- _Records for the exercise_
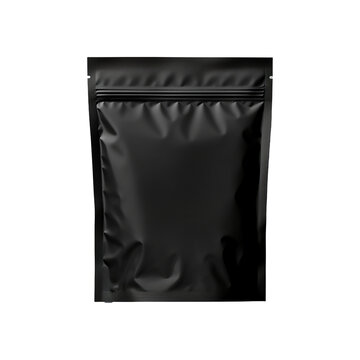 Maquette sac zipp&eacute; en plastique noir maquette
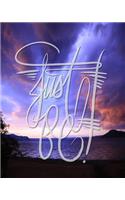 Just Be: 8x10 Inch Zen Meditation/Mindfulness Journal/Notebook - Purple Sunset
--
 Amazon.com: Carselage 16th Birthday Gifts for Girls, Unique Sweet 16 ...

- _Task brief_
Starting at the line above with "Maquette sac zipp&eacute;", output every line exactly up to and including the line with "Just Be: 8x10", but none of the pictures.

- _Final answer_
 Maquette sac zipp&eacute; en plastique noir maquette
 Just Be: 8x10 Inch Zen Meditation/Mindfulness Journal/Notebook - Purple Sunset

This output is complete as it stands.